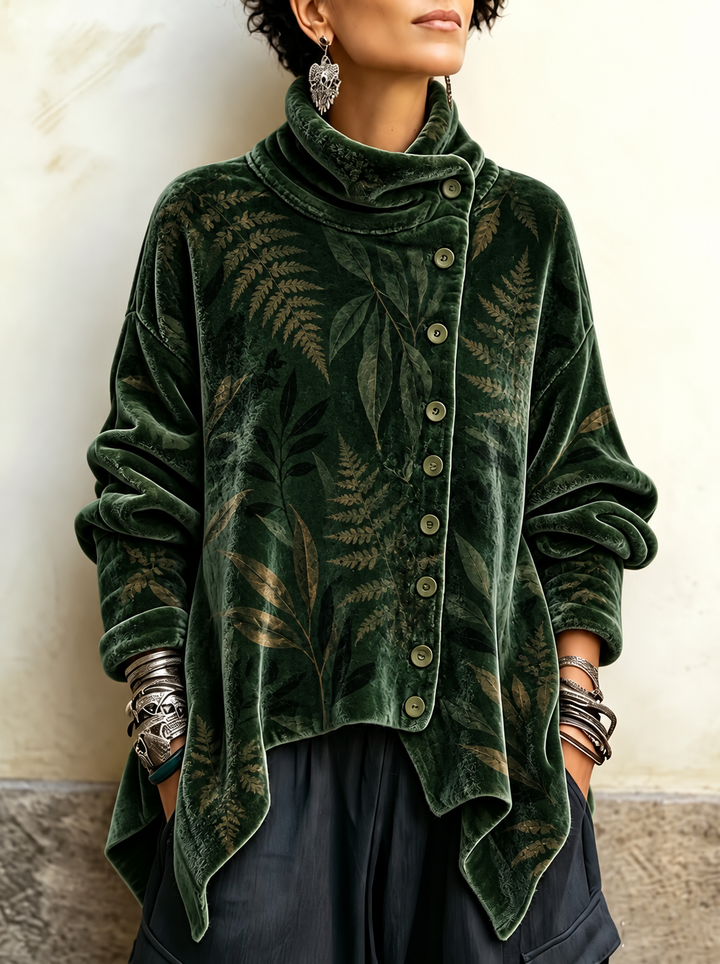 Willa – Velvet Botanical Print Cowl Neck Top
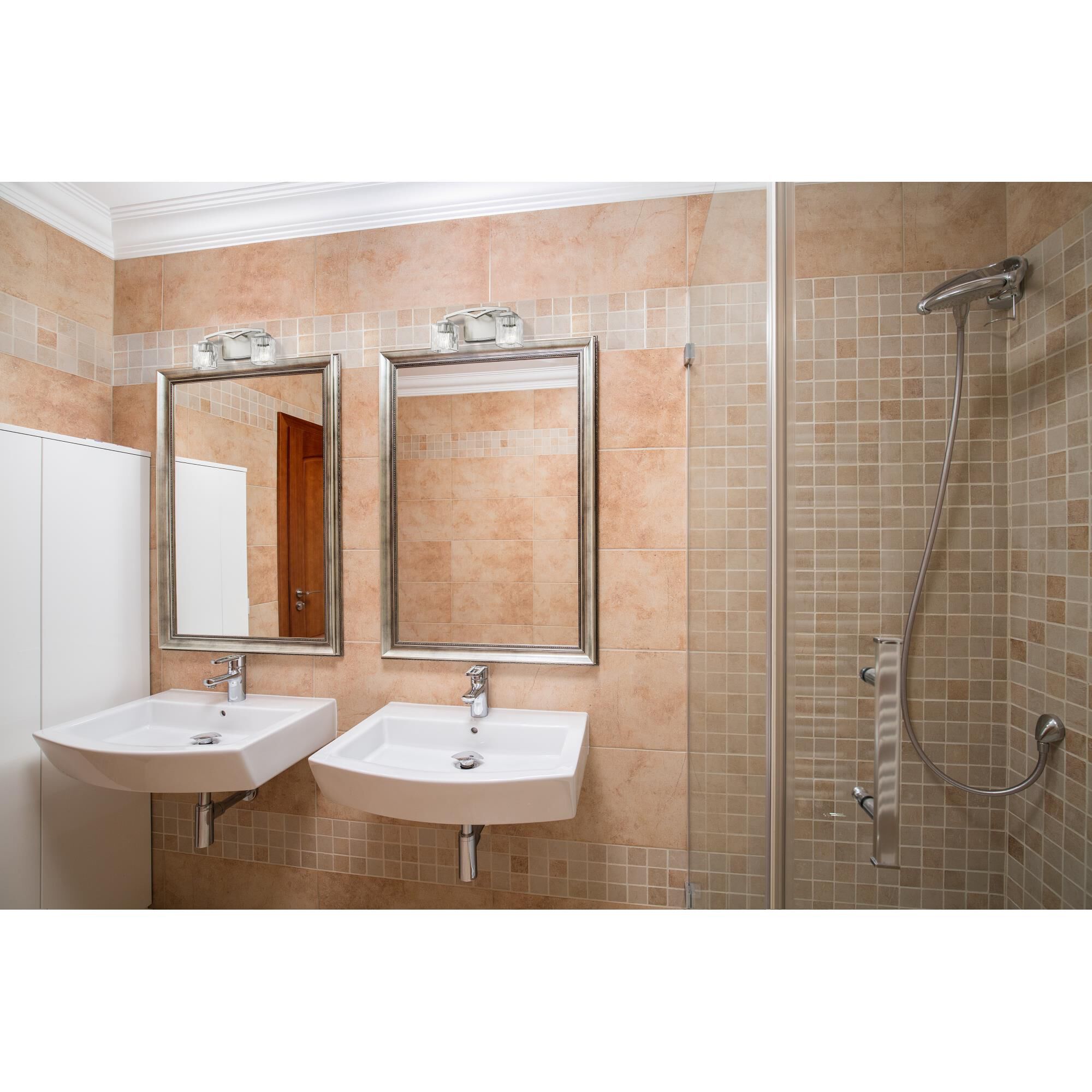 Shown in Brushed Nickel finish and Glass shade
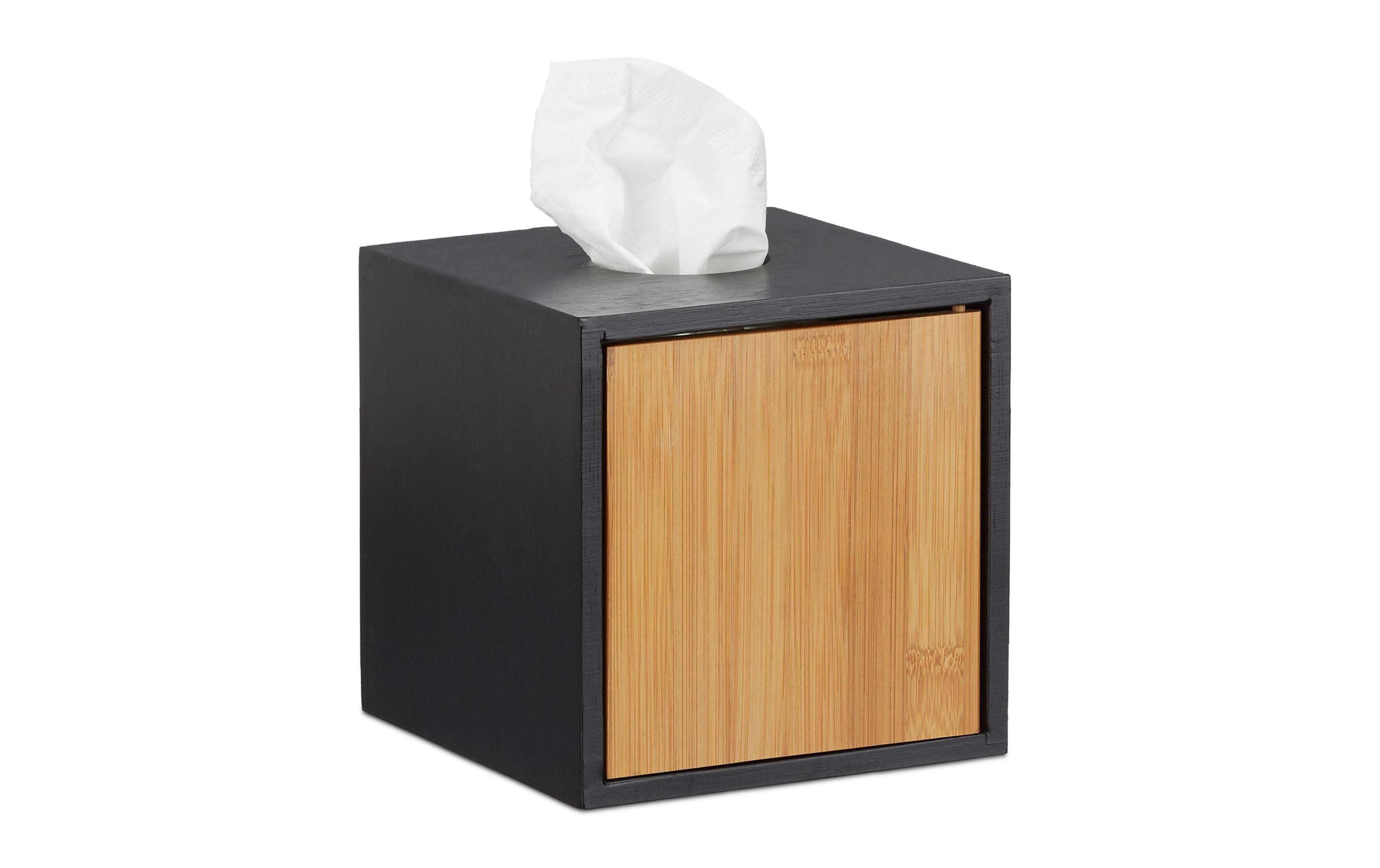 relaxdays Kosmetiktuchbox Quadratisch Nature/Schwarz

########################################

#### What to produce
Starting at the line with "Shown in Brushed", transcribe the listing above exactly through its last line. No picture belongs in the transcription.

#### Response below
 Shown in Brushed Nickel finish and Glass shade
 relaxdays Kosmetiktuchbox Quadratisch Nature/Schwarz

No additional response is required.